And if you look at the progression between that through Turing you may see why it can be a 3 slot top end now, without any mystical not so good reasons.
0, [no show], 0, 1A, 1A, 1A, 1A, 1A, 1A, 2B, 2B, 2A, 2B, 2B, 2B, 2B, 2B, 2B, 2B, 2B, 2B, 2A, 3A? Yeah, sure seeing a progression, but no pattern.
But nVidia has changed the cooler from the radial design to the two axial design. They did a "radical" decision otherwise the Titan RTX would just be as load as a jet.
Did you check Quadro RTX 8000?
I'm having a very hard time believing that Nvidia totally fucked their power power draw advantage over AMD while doing a node shrink. 5700xt drew almost as much power as a 2080FE, and Turing was 12nm while 5700xt was 7nm. I know people are saying Samsung 8nm isn't great, but it seems very weird to me that a 2080FE would be 210W max and suddenly the 3080 is some kind of thermal monstrosity even with a node shrink that should give some advantages.
Possible explanation: They had to up the clocks considerably in the last minute, going way outside of the optimal curve. Because RDNA2.

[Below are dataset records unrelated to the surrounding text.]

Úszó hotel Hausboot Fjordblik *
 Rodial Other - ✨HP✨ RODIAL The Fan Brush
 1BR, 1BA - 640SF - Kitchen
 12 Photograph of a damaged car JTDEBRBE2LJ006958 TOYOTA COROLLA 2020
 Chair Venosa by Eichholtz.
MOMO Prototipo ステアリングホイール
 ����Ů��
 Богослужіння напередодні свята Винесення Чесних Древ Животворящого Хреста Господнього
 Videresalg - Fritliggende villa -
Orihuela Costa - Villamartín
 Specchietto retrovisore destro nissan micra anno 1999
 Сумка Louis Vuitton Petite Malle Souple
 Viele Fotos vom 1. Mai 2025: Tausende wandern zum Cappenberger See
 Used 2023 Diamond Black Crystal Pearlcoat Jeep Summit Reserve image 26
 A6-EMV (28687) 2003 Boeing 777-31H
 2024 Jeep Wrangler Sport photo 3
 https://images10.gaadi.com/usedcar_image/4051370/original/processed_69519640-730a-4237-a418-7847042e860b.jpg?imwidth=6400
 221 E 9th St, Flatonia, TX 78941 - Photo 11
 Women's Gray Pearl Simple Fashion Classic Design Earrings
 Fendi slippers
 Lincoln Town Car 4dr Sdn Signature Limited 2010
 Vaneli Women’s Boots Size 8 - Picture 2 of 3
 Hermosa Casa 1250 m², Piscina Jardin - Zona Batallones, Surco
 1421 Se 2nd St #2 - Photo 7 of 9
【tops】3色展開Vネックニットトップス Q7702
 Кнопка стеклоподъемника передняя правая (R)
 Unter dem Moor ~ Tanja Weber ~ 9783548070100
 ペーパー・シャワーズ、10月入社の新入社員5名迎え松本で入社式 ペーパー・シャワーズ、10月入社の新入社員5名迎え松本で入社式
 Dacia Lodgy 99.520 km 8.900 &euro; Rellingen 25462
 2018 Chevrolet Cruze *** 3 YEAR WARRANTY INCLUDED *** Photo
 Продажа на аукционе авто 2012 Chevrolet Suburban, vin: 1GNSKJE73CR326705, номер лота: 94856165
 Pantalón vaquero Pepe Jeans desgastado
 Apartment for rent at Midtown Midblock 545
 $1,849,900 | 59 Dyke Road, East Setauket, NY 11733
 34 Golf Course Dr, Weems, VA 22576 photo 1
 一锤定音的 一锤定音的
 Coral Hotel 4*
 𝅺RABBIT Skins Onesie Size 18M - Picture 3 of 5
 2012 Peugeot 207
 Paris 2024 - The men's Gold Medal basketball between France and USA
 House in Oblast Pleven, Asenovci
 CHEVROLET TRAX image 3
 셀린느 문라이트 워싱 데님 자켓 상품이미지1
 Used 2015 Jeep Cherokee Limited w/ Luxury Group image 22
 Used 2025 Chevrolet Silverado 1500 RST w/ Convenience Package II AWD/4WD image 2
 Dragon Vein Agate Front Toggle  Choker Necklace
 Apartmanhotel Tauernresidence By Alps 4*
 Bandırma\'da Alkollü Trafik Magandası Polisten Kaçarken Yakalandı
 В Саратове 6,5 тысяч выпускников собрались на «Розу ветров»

It's Moore's Law is Dead nonsense by origin. Just think how much bandwidth inside the chip it would take to pass everything through tensors in addition to all the other traffic, and for what I've heard (don't really have clue but I think the guy who said it does) tensors aren't even really suited for compression/decompression
And this surely isn't just a fancy name for Ampere's sparsity feature?